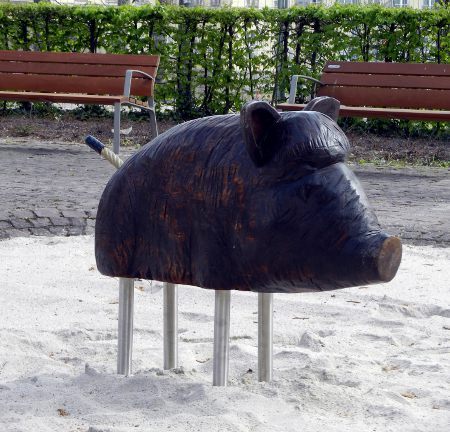 Westlicher Park am Schlossplatz in Karlsruhe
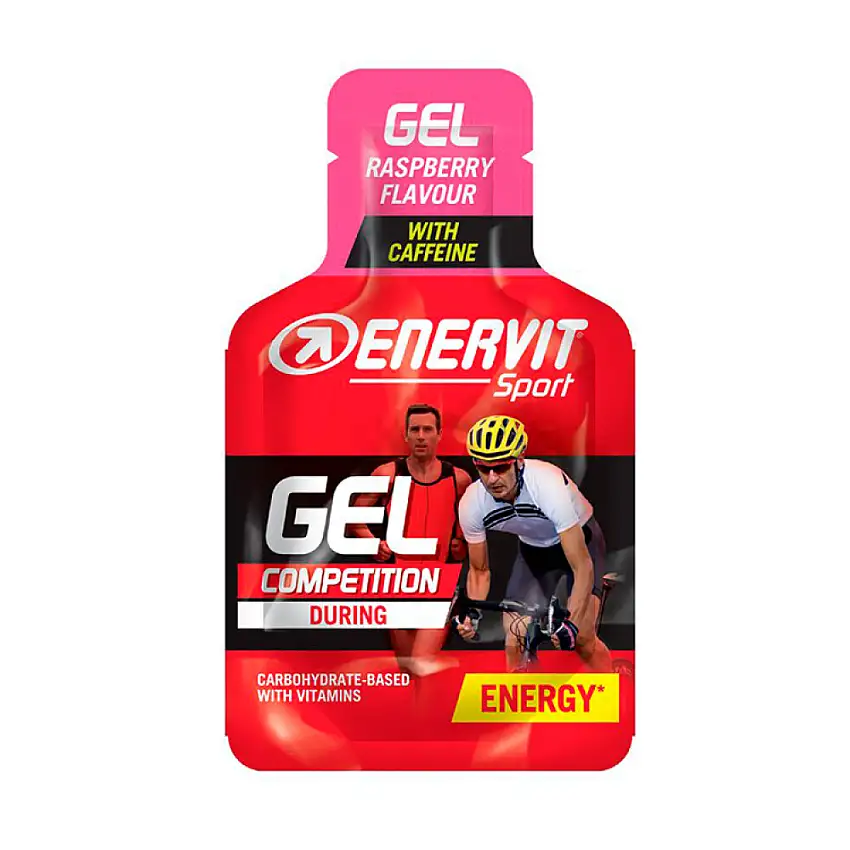 Enervit Sport Gel hallon med koffein 25 ml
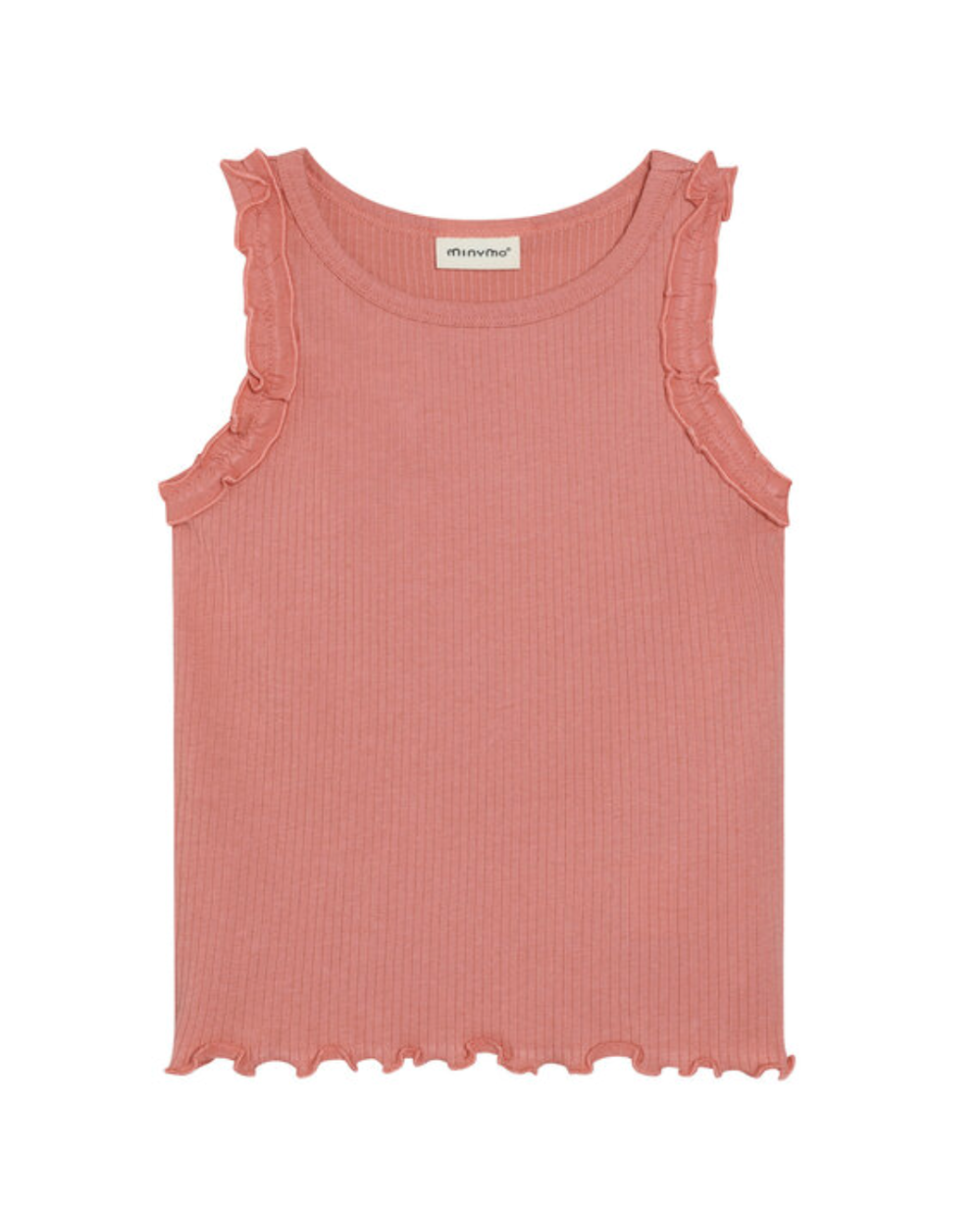 Minymo - Rosette Ruffle Tank|200716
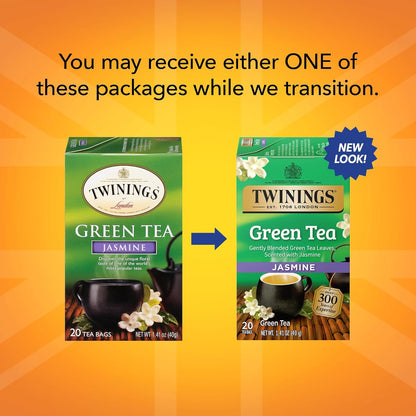 Twinings Wild Berries Herbal Tea Individually Wrapped Bags, 20 Count (Pack of 1), Full-Flavoured, Naturally Caffeine-Free, Enjoy Hot or Iced, 20 Teabags
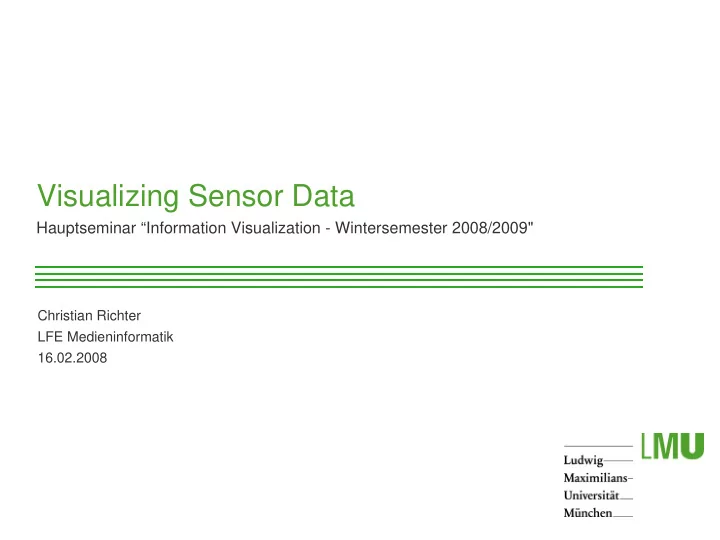 visualizing sensor data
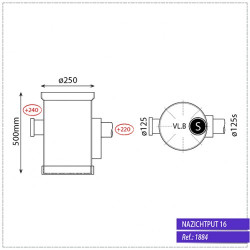 Sifonput 250 - 1x125/1x125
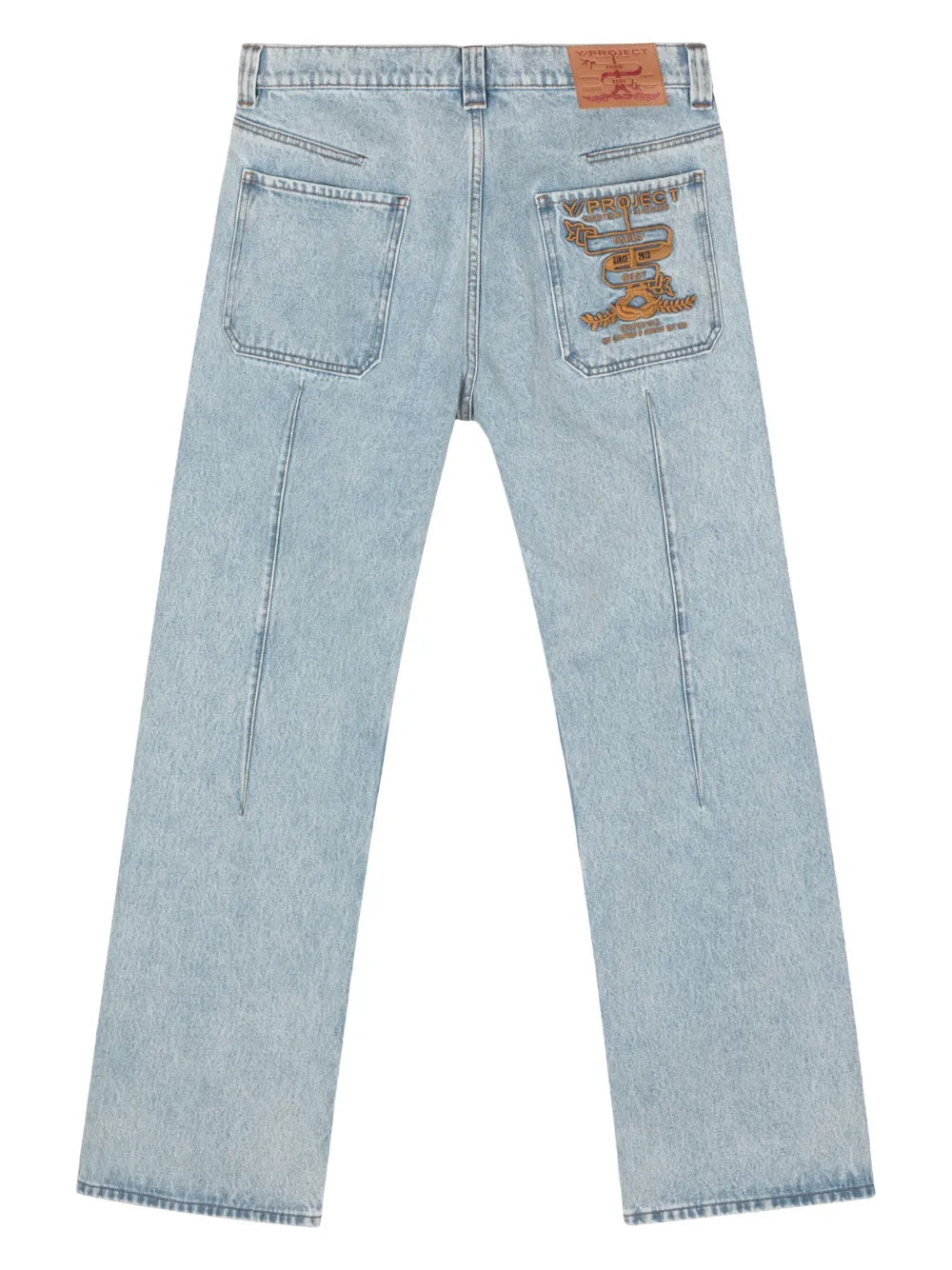 Evergreen Wire Straight-Leg Jeans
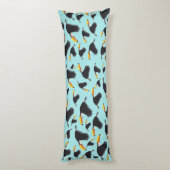 トゥーカカラフルン熱帯鳥のパターン ボディピロー (裏面 (縦))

----------

* _Work order_
Starting with the line that holds "Enervit Sport Gel hallon med koffein 25 ml", return each line exactly through the final line of the entries above; pictures are not part of the output.

* _Task output_
 Enervit Sport Gel hallon med koffein 25 ml
 Minymo - Rosette Ruffle Tank|200716
 Twinings Wild Berries Herbal Tea Individually Wrapped Bags, 20 Count (Pack of 1), Full-Flavoured, Naturally Caffeine-Free, Enjoy Hot or Iced, 20 Teabags
 visualizing sensor data
 Sifonput 250 - 1x125/1x125
 Evergreen Wire Straight-Leg Jeans
 トゥーカカラフルン熱帯鳥のパターン ボディピロー (裏面 (縦))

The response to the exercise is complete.